## SOURCE MATERIAL
* * * *

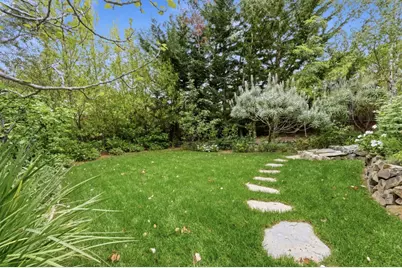 1700 Pine Knoll Dr, Belmont, CA 94002 - Photo 34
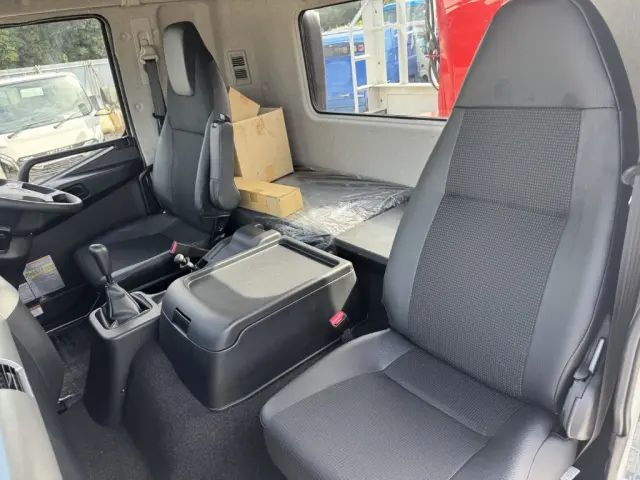 三菱 ファイター 2DG-FQ62F(6x4)の写真37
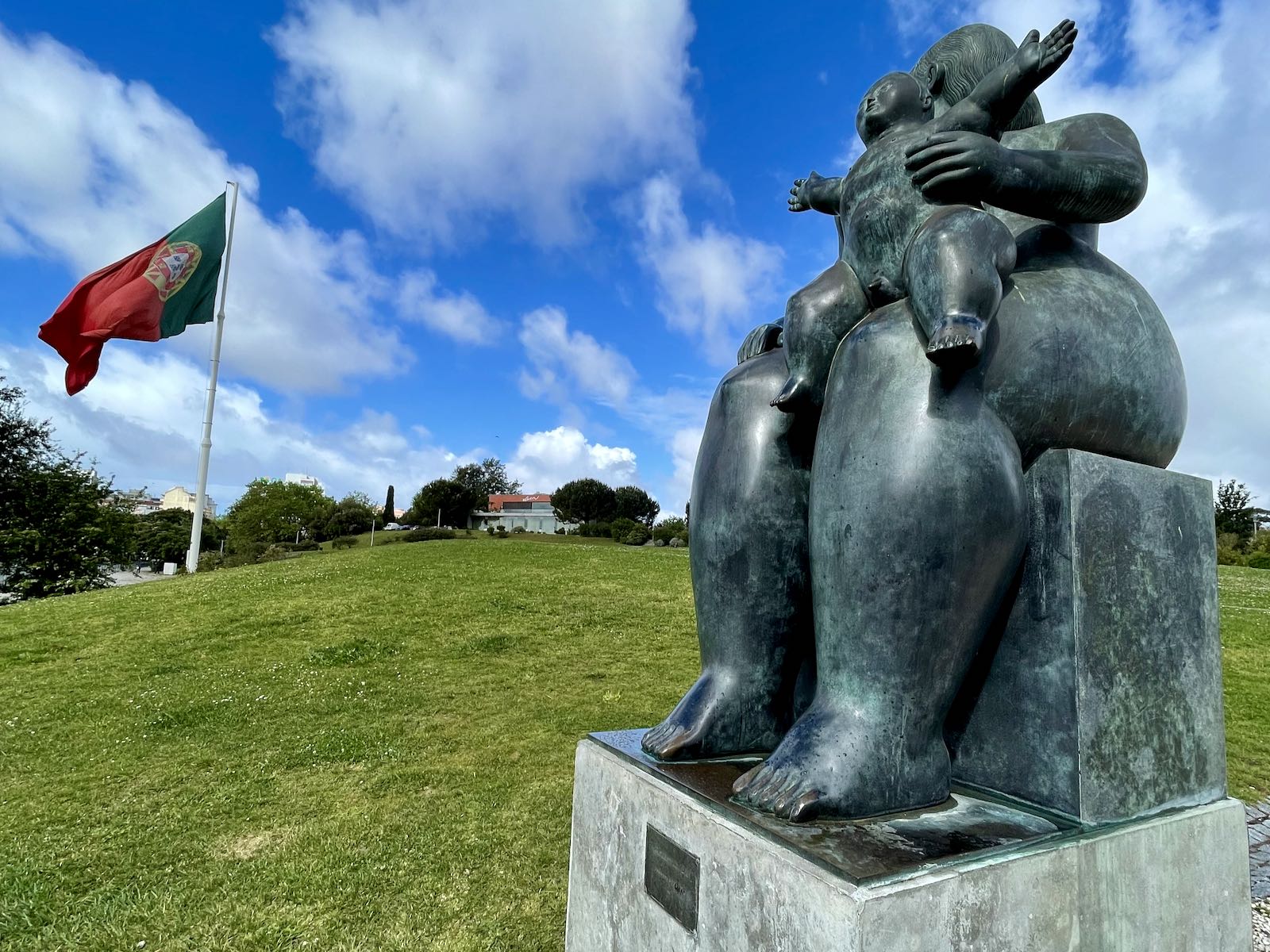 Botero Statue Di Lisbon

* * * *

Would you reproduce each line of the material exactly, omitting the images?

## EXERCISE RESULT
 1700 Pine Knoll Dr, Belmont, CA 94002 - Photo 34
 三菱 ファイター 2DG-FQ62F(6x4)の写真37
 Botero Statue Di Lisbon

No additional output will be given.